The Nigerian Senate has declared open war on democracy. By rejecting mandatory electronic transmission of election results and deliberately weakening key electoral safeguards, the Godswill Akpabio–led Senate has chosen impunity over integrity and rigging over reform.

What transpired during the passage of the Electoral Act Amendment Bill, 2026 is not a disagreement over policy details. It is a calculated rollback of hard-won democratic gains secured after years of struggle, civic mobilisation, and painful lessons from flawed elections. The rejection of compulsory electronic transmission of results, alongside the compression of critical electoral timelines and restrictions on voter access to digital tools, is a conscious attempt to reopen the space for manipulation in the 2027 elections.

Let us be clear: this is not legislative oversight. It is legislative sabotage.

Electronic transmission of results from polling units is one of the most effective guardrails against ballot snatching, result alteration, and post-election disputes. It is precisely because it limits fraud that it has now been targeted. By insisting that INEC retain vague discretionary powers on how results are transmitted, the Senate has preserved the very loopholes that have historically been exploited to subvert the will of voters.

Equally troubling is the reduction of timelines for election preparation and candidate disclosure. These compressed timelines increase the risk of logistical failures, weaken transparency, and disadvantage voters while empowering political insiders who thrive in chaos and opacity. No democracy that is serious about credible elections deliberately weakens its own safeguards.

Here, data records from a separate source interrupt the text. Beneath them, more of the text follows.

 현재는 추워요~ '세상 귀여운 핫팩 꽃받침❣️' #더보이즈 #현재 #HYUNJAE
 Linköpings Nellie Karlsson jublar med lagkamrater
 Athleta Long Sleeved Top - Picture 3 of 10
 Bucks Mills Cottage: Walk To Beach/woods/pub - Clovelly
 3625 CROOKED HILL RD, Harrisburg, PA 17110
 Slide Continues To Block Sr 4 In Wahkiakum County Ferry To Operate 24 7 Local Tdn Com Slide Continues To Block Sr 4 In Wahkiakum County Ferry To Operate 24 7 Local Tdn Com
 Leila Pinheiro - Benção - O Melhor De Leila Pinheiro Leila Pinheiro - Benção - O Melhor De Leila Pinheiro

This Senate’s actions sharply contrast with the more progressive position taken by the House of Representatives, which has shown greater sensitivity to public interest and electoral credibility. Reports that the Senate version of the bill reflects the personal whims of its leadership rather than collective democratic reasoning only deepen concerns about arrogance, impunity, and contempt for citizens.

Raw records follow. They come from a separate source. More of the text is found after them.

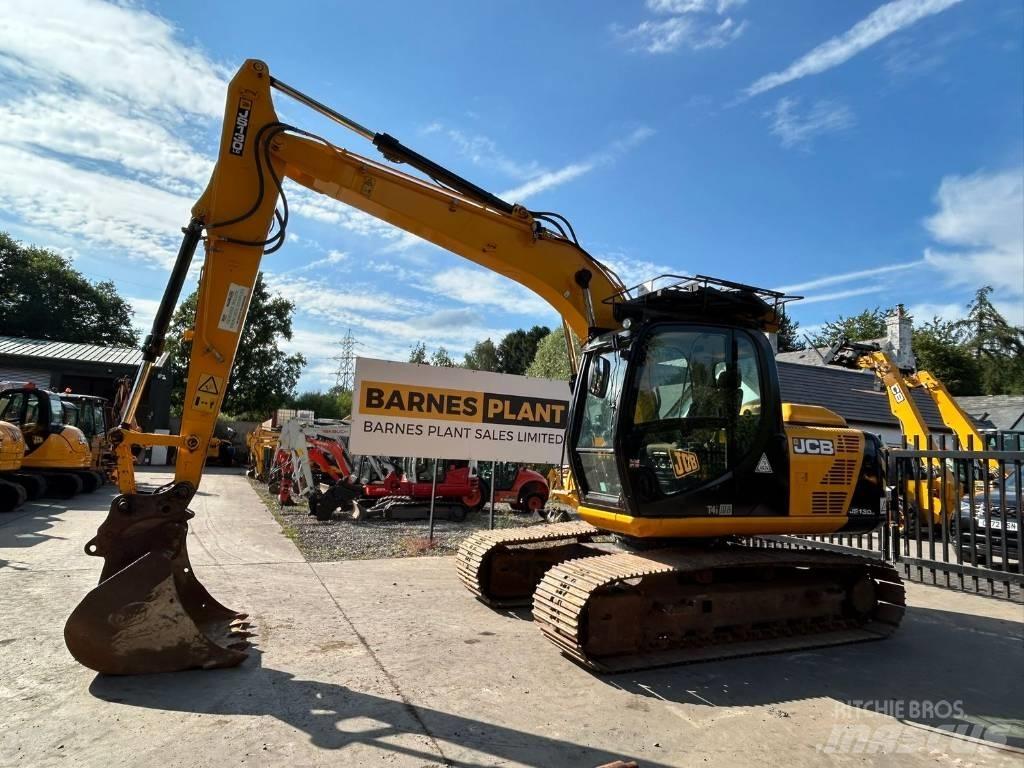 JCB JS 130 LC حفارات زحافة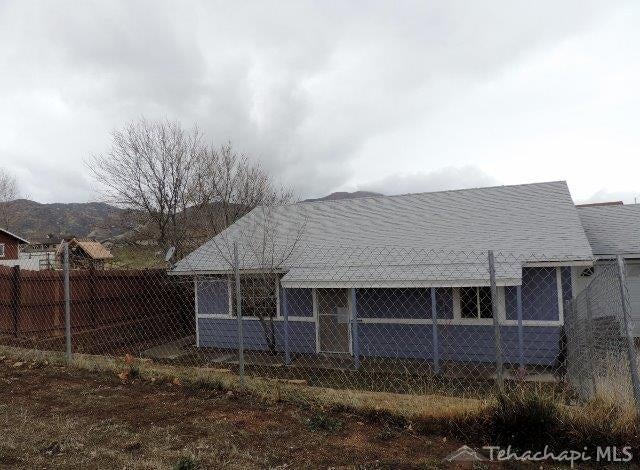 22117 Copper Street Tehachapi, CA 93561 - Photo 29 of 30 Gallery Image 29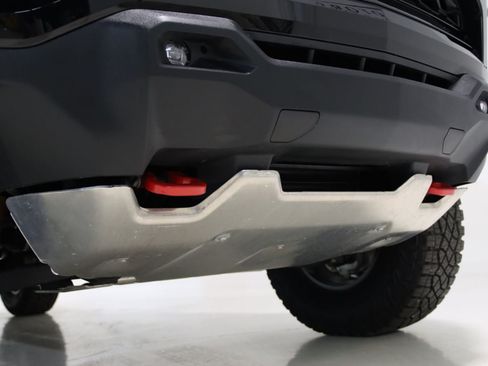 Used 2026 Chevrolet Colorado ZR2 w/ Technology Package AWD/4WD image 11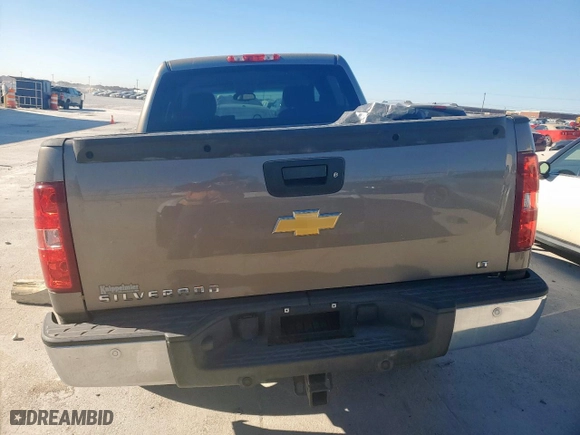 2012 Chevrolet Silverado 1500 LT with VIN 3GCPCSE08CG259734, listed as a Copart auction lot 49921085 with 105,852 mi miles and Salvage Title. Bid and sale history available at carsss.com. Image 6.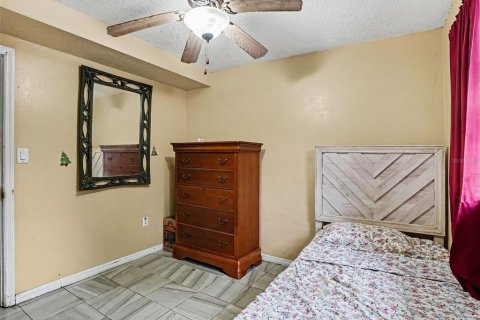 Villa ou maison à vendre à Orlando, Floride: 4 chambres, 104.79 m2 № 2411538 - photo 21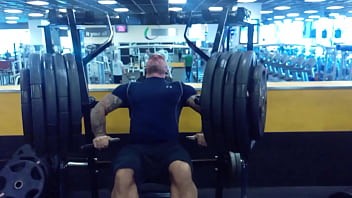 Working Out At The Gym thumbnail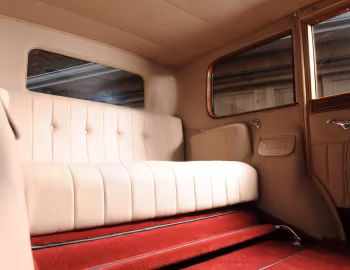 Interior McLaughlin-Buick Master Six 7-passenger Sedan [UK-spec] (28-50C) '1928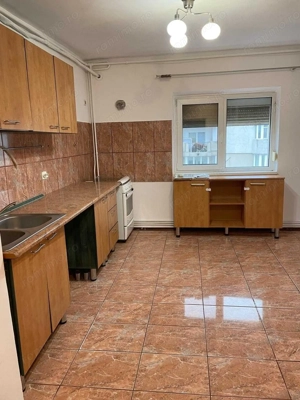 De vanzare 3 camere, centrala,  etaj 8, instalație nouă,  zona 13 Septembrie - imagine 2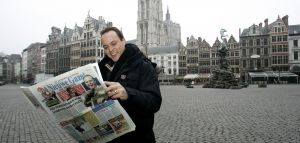  04-02-2006 SHOWBIZZ; DE MOOISTE LACH VAN NEDERLAND VEROVERT HET VLAAMSE LAND. Frans Bauer verovert het Vlaamse Land met de mooiste lach en liedjes van Nederland. Meer dan 60.000 Vlamingen gaan in 4 dagen tijd genieten van onze Frans en al zijn hits in het Sportpaleis van Antwerpen. De eerste avond ging het dak van het inmense Sportpaleis er bijna vanaf, iedereen ging met een lach naar huis gewapend met Frans Bauer parfum, pet, aansteker, cd of dvd, vlag of met een complete dekbedovertrek. De volgende dag sierde Frans alle voorpagina\'s van de belangrijkste Belgische kranten, de hele Frans Bauer story begint weer opnieuw maar dan in het Belgische. 
foto: Albert den Iseger.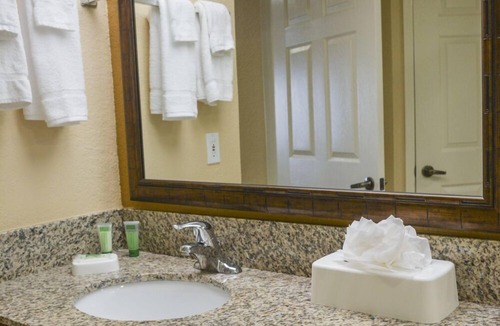 Florida Central Atlantic Coast Resort | LUXURY RESORT STUDIO AT BEST LOCATION IN ORLANDO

Nigeria’s democracy is already fragile. Voter apathy is rising, trust in institutions is collapsing, and young people increasingly feel alienated from the political process. At such a moment, any legislature committed to national stability would be strengthening confidence in elections – not tearing it down.

RULAAC believes that what is unfolding is part of a broader pattern: an elite determination to maintain a criminal political status quo in which elections are mere rituals and power is insulated from accountability. This Senate is not merely out of touch; it is brazenly anti-people and anti-democracy.

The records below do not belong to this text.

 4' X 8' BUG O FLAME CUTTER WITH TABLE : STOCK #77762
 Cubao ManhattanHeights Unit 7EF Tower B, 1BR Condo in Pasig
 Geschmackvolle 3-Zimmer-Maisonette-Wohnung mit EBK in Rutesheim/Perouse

Silence at this moment would be complicity.
Civil society organisations, youth movements, labour unions, professional bodies, faith leaders, and all defenders of democracy must mobilise now. Advocacy must be intensified. Public pressure must be sustained. The Conference Committee must be compelled to reject the Senate’s regressive provisions and restore the progressive safeguards necessary to make votes count in 2027.

Democracy is not gifted by politicians; it is defended by citizens. If Nigerians allow this betrayal to stand, we should not feign surprise when our votes no longer matter and our elections lose all meaning.

This is the line. We must not allow it to be crossed.